Kindly advise on following error:

Cluster resource 'AG1_NAME' of type 'SQL Server Availability Group' in clustered role 'AG1_NAME' failed

Based on the failure policies for the resource and role, the cluster service may try to bring the resource online on this node or move the group to another node of the cluster and then restart it. Check the resource and group state using Failover Cluster Manager or the Get-ClusterResource Windows PowerShell cmdlet.

Environment:

AG1: (Primary = SRV01\DEV1, Secondary= SRV02\DEV1, SRV03\DEV1)
AG2: (Primary = SRV02\DEV2, Secondary= SRV03\DEV2, SRV01\DEV2)

The error occurred while updating AG2 Replicas with SQL SERVER 2016 SP2 CU7 which was SQL Server 2016 SP2 CU4.
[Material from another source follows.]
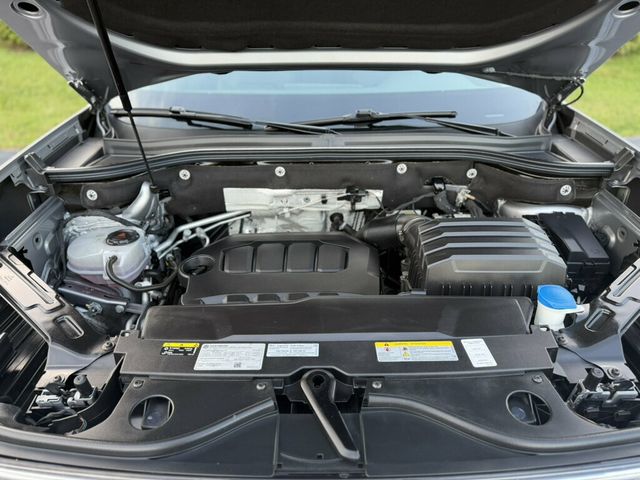 2024 Volkswagen Atlas 2.0T SE w/Technology 4MOTION - 23073348 - 10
Updating order as follows, and there was no error during the update wizard

  1. Set fail-over to manual on SRV01\DEV2
  2. Updated SRV01\DEV2Noticed WSFC error (above mentioned)
  3. Set fail-over mode to Auto on SRV01\DEV2
  4. Set fail-over mode to manual on SRV03\DEV2
  5. Updated SRV03\DEV2
  6. Set fail-over mode to Auto on SRV03\DEV2
  7. Manually Fail-over from SRV02\DEV2 (Primary) to SRV03\DEV2
  8. Updated SRV02\DEV2
  9. Manually Fail-back to SRV02\DEV2 (Primary) from SRV03\DEV2

Is it normal while updating 2nd instance of SQL Server the 1st instance get interrupted while server involved in Availability Groups, or should we follow any particular method in this case to avoid any error as such.

Fortunately, particular AG1 and all resources of WSFC was working normal when i look back immediately (after the error) into Roles page of WSFC manager. also PowerShell Get-ClusterResource. but i'm concerned about production update and future updates. Any suggestions would be appreciable. Thanks!

Best Answer

Is it normal while updating 2nd instance of SQL Server the 1st instance get interrupted while server involved in Availability Groups, or should we follow any particular method in this case to avoid any error as such.

No, it's not expected. The error, though, says it tried to bring the resource online and failed at least 3 times (by default, unless you changed this value). This leads me to believe that the instance was patched while it was a primary, which would of course fail while the service is offline for patching. If it wasn't a primary then you'll need to look into the SQL Server errorlog and the cluster log to understand what had happened.